Is There an AI Data Center Development Bubble?

Chris Bair, Chief Commercial Officer and Partner of Stream Data Centers, addresses questions around AI data center development bubbles, assesses how and why some developments endure and explains the changing variables at the heart of smart data center investment.
Aug. 27, 2025
10 min read

While the data center industry continues to experience unprecedented growth, some have begun to question the size and staying power of the central new demand driver: AI.

As is typical, unknowns surrounding the ultimate size of the AI market are creating conversations about whether the data center industry has become overblown. Industry leaders like Alibaba’s Joe Tsai have made waves with comments about potential bubble formation, and reporters at the Wall Street Journal have followed up with comparisons to the infamous dotcom bust of the 2000s.

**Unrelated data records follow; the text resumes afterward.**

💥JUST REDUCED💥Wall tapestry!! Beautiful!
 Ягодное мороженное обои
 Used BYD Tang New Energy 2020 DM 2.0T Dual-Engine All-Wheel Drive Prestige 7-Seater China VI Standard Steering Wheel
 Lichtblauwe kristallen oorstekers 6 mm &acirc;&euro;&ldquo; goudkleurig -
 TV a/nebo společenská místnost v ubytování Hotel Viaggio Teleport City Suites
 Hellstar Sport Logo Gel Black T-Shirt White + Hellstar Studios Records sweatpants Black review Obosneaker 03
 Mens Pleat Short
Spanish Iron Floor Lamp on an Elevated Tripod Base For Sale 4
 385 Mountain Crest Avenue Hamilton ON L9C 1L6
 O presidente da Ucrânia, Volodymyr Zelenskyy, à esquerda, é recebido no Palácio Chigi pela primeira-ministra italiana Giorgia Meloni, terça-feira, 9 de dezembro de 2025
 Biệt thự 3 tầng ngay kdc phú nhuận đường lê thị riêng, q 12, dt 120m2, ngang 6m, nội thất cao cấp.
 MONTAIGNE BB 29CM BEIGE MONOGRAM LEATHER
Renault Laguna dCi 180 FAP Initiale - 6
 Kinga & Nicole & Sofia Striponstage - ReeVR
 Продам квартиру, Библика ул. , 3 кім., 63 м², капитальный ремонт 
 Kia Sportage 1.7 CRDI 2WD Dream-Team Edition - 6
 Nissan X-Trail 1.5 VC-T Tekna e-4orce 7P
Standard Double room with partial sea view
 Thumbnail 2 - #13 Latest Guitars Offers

CBRE's North America Data Center Trends report has shown vacancy rates for primary North American data center markets falling to a record low of 2.8% in early 2024 from 3.3% a year earlier. Notably, this drop in vacancies persists despite the largest annual increase (by number of MW) in data center supply. In fact, North American data center inventory grew by 24.4% year-over-year in Q1 2024, adding 807.5 MW across key markets. In CBRE’s recent 2025 report, they note that demand continues to outpace new supply across both core and emerging hubs, with the global weighted average data center vacancy rate falling by 2.1% YoY in Q1 2025. North America exhibited a 43% YoY increase in inventory in Q1 across the four largest markets (Northern Virginia, Chicago, Atlanta and Phoenix) while still maintaining a relatively low vacancy rate.

Meanwhile, experts at the Stanford Institute for Human-Centered Artificial Intelligence (HAI), note in their 2025 AI Index Report that AI is becoming increasingly embedded in everyday life. We’re seeing record investment and usage — and optimism is rising. In 2024, U.S. private AI investment grew to $109 billion, with generative AI attracting $33.9 billion in private investment globally.

But the billion (trillion... zillion?) dollar question remains: Is all this a reflection of rock-solid expansion built on strong demand fundamentals, or is it indicative of a bubble growing on the back of a still-evolving tech revolution?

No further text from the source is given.